Gel Mobility Shift Assays--
Gel mobility shift assays with
SSRP1 HMG domain and protein were performed as follows. To assay for
protein recognition of cisplatin-damaged DNA, cisplatin-modified or
unmodified 127-base pair duplexes (0.2 nM, 40,000 cpm) were
titrated with protein in buffer PP250 (10 mM Tris, pH 7.5, 250 mM NaCl, 10 mM MgCl2, 0.5 mM EDTA, 5% glycerol, 1 mM dithiothreitol)
containing 0.2 mg/ml of chicken erythrocyte genomic DNA. Samples were
incubated on ice for 1 h and made 10% in sucrose immediately
prior to loading onto pre-equilibrated native 4% or 5% polyacrylamide
gels (29:1 acrylamide:bisacrylamide, 3.3% cross-linking, 45 mM Tris borate, 1 mM EDTA, pH 8.3).

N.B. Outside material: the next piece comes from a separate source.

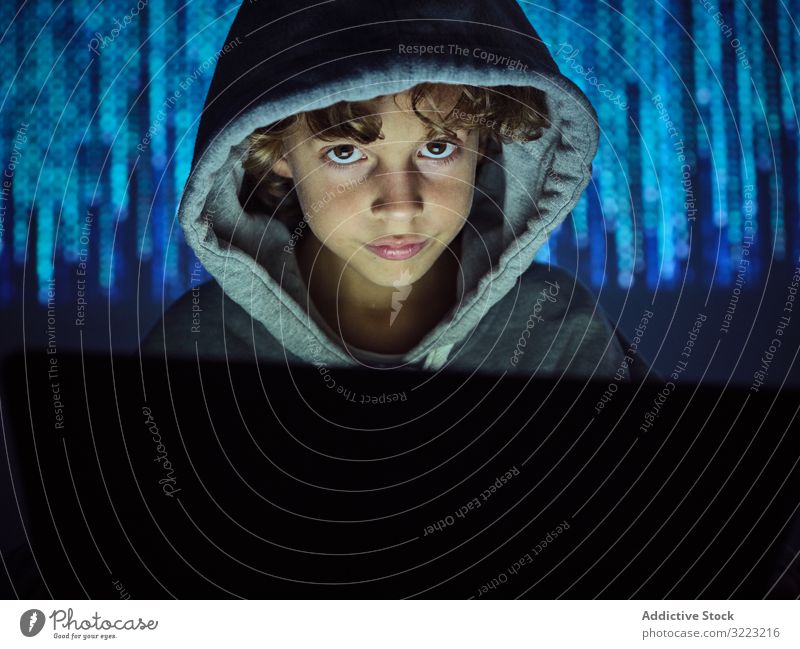 Little hacker looking at camera laptop code boy database little using computer programmer virus digital password software kid child device gadget browsing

Electrophoresis was continued for 2 h at 215 V and 4 °C. To
assay for binding of the major 1,2-d(GpG) intrastrand cisplatin-DNA
cross-link, AG*G*A and AGGA 15-bp oligonucleotide duplexes (0.4 nM, 20,000 cpm) were titrated with protein in binding buffer SD250 (10 mM Hepes, pH 7.5, 10 mM
MgCl2, 50 mM LiCl2, 100 mM NaCl, 1 mM spermidine, 0.2 mg/ml bovine
serum albumin, 0.05% Nonidet P-40). Samples were incubated on ice for
30 min and made 10% in sucrose immediately prior to loading onto
pre-equilibrated native 12% polyacrylamide gels (29:1
acrylamide:bisacrylamide, 3.3% cross-linking, 45 mM Tris
borate, 1 mM EDTA, pH 8.3). Electrophoresis was continued
for 1.5-2 h at 300 V and 4 °C. Following electrophoresis, gels were
dried and exposed to a phosphorimaging plate for 12-24 h. The amount
of bound and free oligonucleotide was assessed with a Bio-Rad GS-525
phosphorimaging device.
To examine the affinity and specificity of FACT for cisplatin-damaged
DNA, 127-bp duplexes (0.02-2 nM, 20,000 cpm) undamaged or
globally damaged with cisplatin or trans-DDP, or 156-bp
site-specific modified or unmodified duplexes (0.1 nM,
20,000 cpm) were combined with hFACT, rFACT, rSpt16, or rSSRP1 in
binding buffer PP50 (10 mM Tris, pH 7.5, 50 mM
NaCl, 10 mM MgCl2, 0.5 mM EDTA, 5%
glycerol, and 1 mM dithiothreitol). Chicken erythrocyte
genomic DNA competitor (0.2-2.0 mg/ml) was included in reactions
containing globally modified probes where noted. Samples were incubated
on ice 1 h prior to loading onto running, pre-equilibrated native
4% polyacrylamide gels (29:1 acrylamide:bisacrylamide, 3.3%
cross-linking, 50 mM Tris, pH 8.0, 2 mM EDTA,
380 mM glycine). Electrophoresis was continued at 100 V for
5 h and 4 °C. Gels were dried and exposed to a phosphorimaging
plate or to Kodak X-OMAT film for 12-24 h. Exposed phosphorimaging
plates were analyzed with a Bio-Rad GS-525 phosphorimaging
device and Multi-Analyst software.
Expression and Purification of SSRP1 HMG Domain--
Full-length
SSRP1 contains a single DNA-binding HMG domain flanked by two short
basic regions (Fig. 1). The minimal HMG
domain was recombinantly expressed and purified. As shown in Fig.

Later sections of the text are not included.